### Problem requirements
The answer should hold nothing but the lines from the one with "-赵一鸣零食(江苏南京福园街店)" through the end of the listing below, each exactly as written.

### Source data

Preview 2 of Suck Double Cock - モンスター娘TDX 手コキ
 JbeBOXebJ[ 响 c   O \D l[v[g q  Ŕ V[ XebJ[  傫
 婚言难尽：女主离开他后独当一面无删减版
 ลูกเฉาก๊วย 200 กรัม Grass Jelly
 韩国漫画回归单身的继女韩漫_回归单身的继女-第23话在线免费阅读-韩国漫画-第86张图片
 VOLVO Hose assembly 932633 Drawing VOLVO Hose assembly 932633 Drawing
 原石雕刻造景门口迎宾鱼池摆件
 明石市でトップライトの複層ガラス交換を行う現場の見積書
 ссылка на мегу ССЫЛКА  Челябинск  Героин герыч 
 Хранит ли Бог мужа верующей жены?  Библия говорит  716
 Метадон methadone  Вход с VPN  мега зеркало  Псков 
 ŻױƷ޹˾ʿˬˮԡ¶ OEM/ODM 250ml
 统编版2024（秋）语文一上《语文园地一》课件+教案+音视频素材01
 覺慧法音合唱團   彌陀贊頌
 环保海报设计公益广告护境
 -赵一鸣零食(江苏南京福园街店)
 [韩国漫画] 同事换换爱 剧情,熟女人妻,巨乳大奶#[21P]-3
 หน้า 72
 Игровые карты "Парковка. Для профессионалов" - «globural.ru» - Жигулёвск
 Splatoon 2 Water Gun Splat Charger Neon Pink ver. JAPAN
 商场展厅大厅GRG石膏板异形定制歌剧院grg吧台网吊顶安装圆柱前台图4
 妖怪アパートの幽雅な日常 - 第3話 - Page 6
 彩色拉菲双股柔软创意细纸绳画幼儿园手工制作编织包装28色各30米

### Exercise result
 -赵一鸣零食(江苏南京福园街店)
 [韩国漫画] 同事换换爱 剧情,熟女人妻,巨乳大奶#[21P]-3
 หน้า 72
 Игровые карты "Парковка. Для профессионалов" - «globural.ru» - Жигулёвск
 Splatoon 2 Water Gun Splat Charger Neon Pink ver. JAPAN
 商场展厅大厅GRG石膏板异形定制歌剧院grg吧台网吊顶安装圆柱前台图4
 妖怪アパートの幽雅な日常 - 第3話 - Page 6
 彩色拉菲双股柔软创意细纸绳画幼儿园手工制作编织包装28色各30米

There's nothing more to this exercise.